ページ数にして11ページと重いが、内容にぬかりは無い。その緻密な論旨からして、ここで簡単に要約できるようなことでは無いが、現在の日本が直面している根本問題を明確に説明している。
それにしても、何らかの既成利権に繋がらないこういう人でなければ、書けないし、分からないことなのだろうと実感している。


基本的な認識としては、1980年代の中曽根政権に始まり、小泉構造改革にいたる一連の規制緩和政策が、これまでの日本型セーフティネットの機能不全を強く後押ししたということ。
これに関しては、僕がある方とのインタービュウを企画していて、そのために書いた草稿がほぼ当っているとの感触を得ている。それは以下のようなものだ。
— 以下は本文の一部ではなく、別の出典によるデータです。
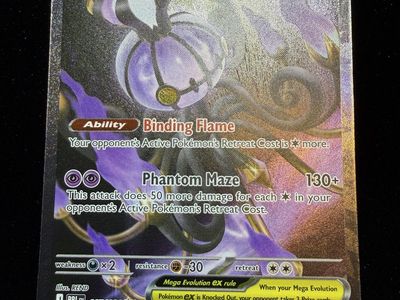 Mega Chandelure ex 115/084 Special Illustration Rare Trading Card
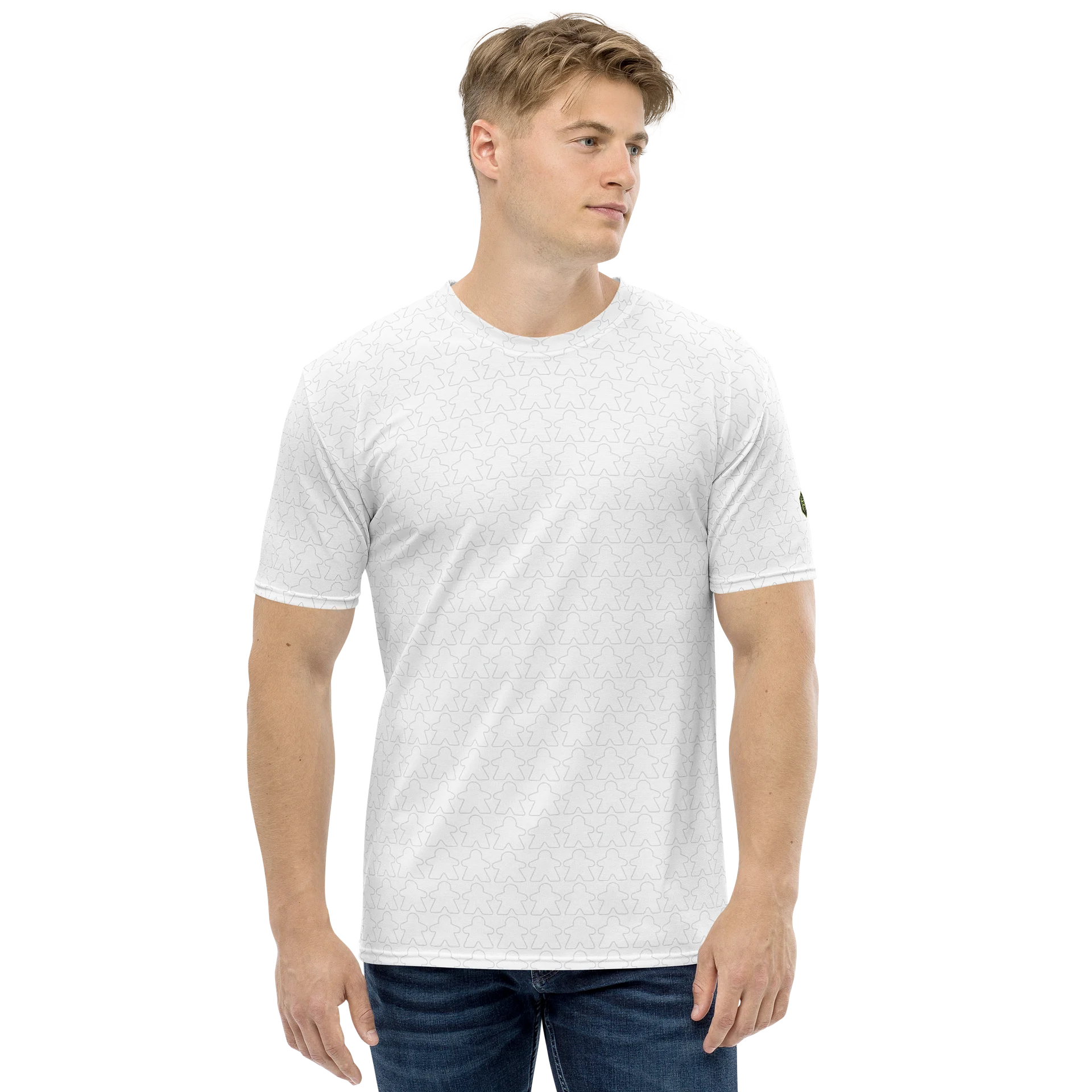 The Subtle All-Over Meeples T-Shirt product image (1)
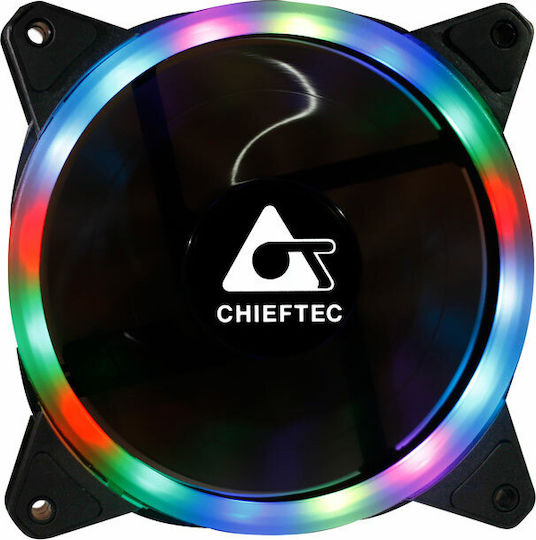 Chieftec AF-12 Case Fan 120mm (1200rpm / 53cfm) με RGB Φωτισμό και Σύνδεση 6-Pin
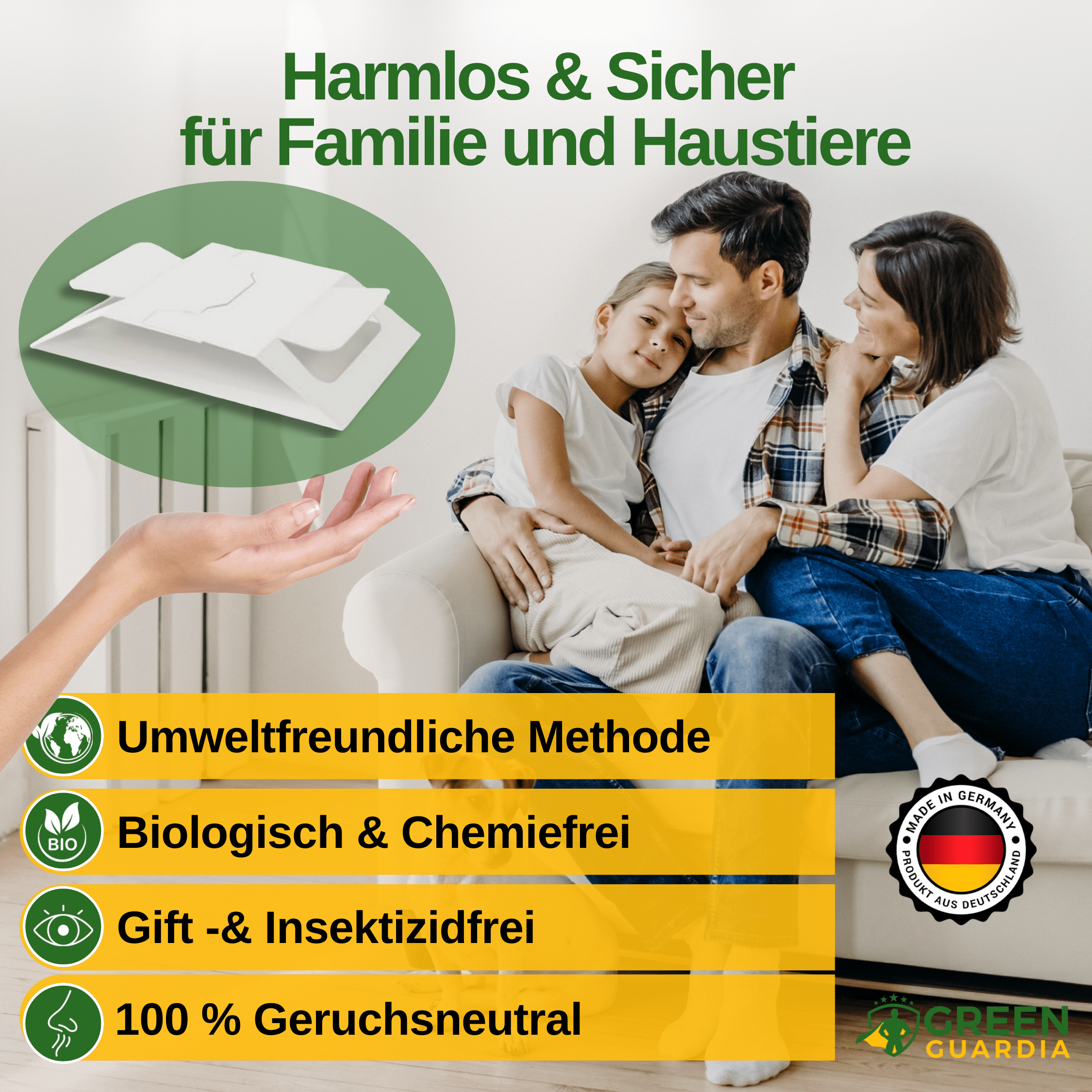 Teppichkäfer Falle mit Spezial - Lockstoff - Green Guardia - Ihr Experte für Schädlinge und Pflanzen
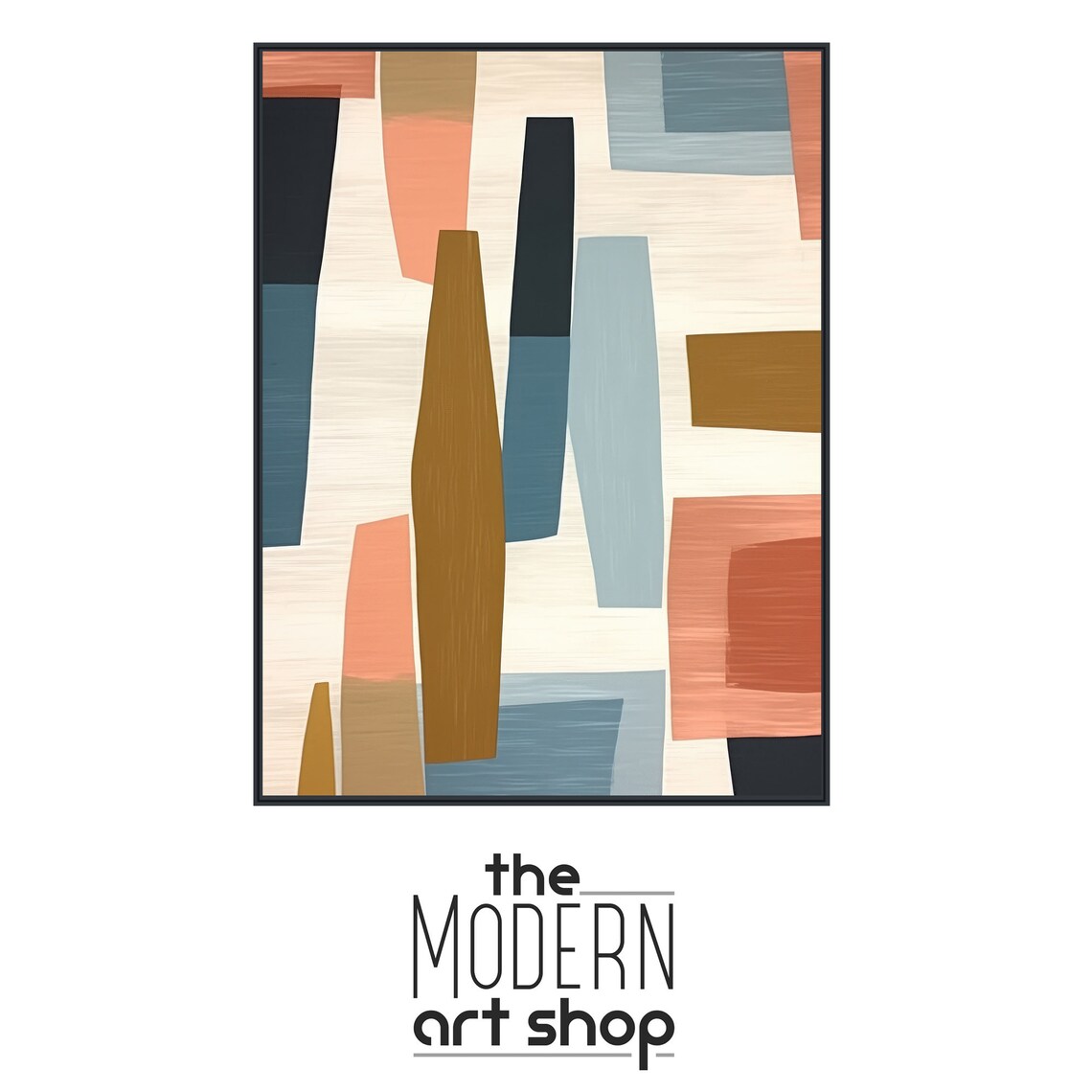 Cosmic Bliss Mid-Century Abstract Wall Art Print - Image 4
時代の激変のなか、日本人は相互助け会いの精神で弱い者も助け、戦後を造って来たのではなかったか。そこにはおのずと自然発生的なセーフティ・ネット(救済措置)があったと言えよう。その過程で受け入れられてきたのが、グローバリゼーションであり、アメリカ型金融資本主義化の道である。そのことが弱肉強食化による格差社会をもたらしたが、デザインもこの影響を大きく受けている。
その原因は、「自然な形で在った」ことをいい事に、そして大企業体制社会の完成をいい事に、個人ベースの新しいセーフティ・ネットのシステムを創設、施行することを忘れてきたからではないか。
今、世界でも有数の経済大国になり、その一見のゆとりの中で自分を見失いつつある日本人が、政治、経済、文化のあらゆる面で忘れている重要問題の一つがこれではないのか。そこには、では救済すべきどのような社会的なシステム、仕掛けが必要なのかという問いも含まれている。(NPO法人「日本デザイン協会」2008企画案)


湯浅氏は「日本には貧困の明確な定義はない」という。
「驚くべきことに、1966年から40年以上も、厚労省生活保護の補足率―生活保護に該当する人たちのうち、どれだけが実際に給付を受けているか―すら把握していないのだ」
「1997年から2007年の10年間で、非正規労働者は580万人増加し、逆に正規労働者は371万人減っている。労働者全体のに占める非正規労働者の比率は3分に1を上回った」
「先進国に比べると、もともと日本政府の社会保障はきわめて貧弱だった。そこで国にかわってセーフティネットの役割を果たしていたのが、企業、家族、地域社会であった」
「…(これらが)働かないとなれば、貧困化を食い止めるのは、国による社会保障しかない。…(それなのに)GDPに占める社会保障給付費の割合は、17.7%。EUの平均26%を大きく下回っている」
「とくに日本の社会保障の大きな欠陥は、格差是正機能の欠如である。したがって、いったん貧困化への道を歩み始めると歯止めがかからない」


「…雇用保険、いわゆる失業手当が激しく減らされている。2001年以前は、5〜10年勤務で210日間需給できた(45〜60才)失業給付が、今では倒産・解雇でなければ90日しか受給できない。…保険料は引き上げているのにこれでは一種の詐欺である。
しかも、非正規労働が拡大して雇用保険に未加入の人が増えているから、給付水準の低下とともに受給率も低下している。1982年には59.5%だった失業保険受給率は、2006年には21.6%。およそ2割の人にしか失業保険が行き渡っていない。その結果、雇用保険の国庫負担金が余ったからといって1810億円も削減した。…
こうした社会保障費削減の多くは、法改正の不要なものである。つまり、国会で議論されることもなく、厚生労働省の判断だけで削減できるところから削られているのである」


「経済人は、日本は労働者の賃金や保険料の負担などのコストが高すぎる、このままでは企業はすべて中国などの海外に逃げていく、と脅しのように口にするが、果たして本当に日本を離れて世界で戦っていける企業どのくらいあるのか疑わしい。
高いモラル教育水準を備えた人的資源をはじめ、これまで企業は日本の社会にさまざまな形で頼ってきた。個人にだけ『自己責任』を押し付けるのはおかしい」


「これまで政府や経済界は、目先の利益のために、長期に渡って日本社会からセーフティネットを削減し続けてきた。それはもはや限界に達し、貧困ラインはいよいよホワイトカラー、中流層に迫りつつある。繰返すが、『貧困』は単なる経済問題ではない。日本社会そのものが崩壊の危機に瀕しているのである」


(時間の余裕を見て以下を追記)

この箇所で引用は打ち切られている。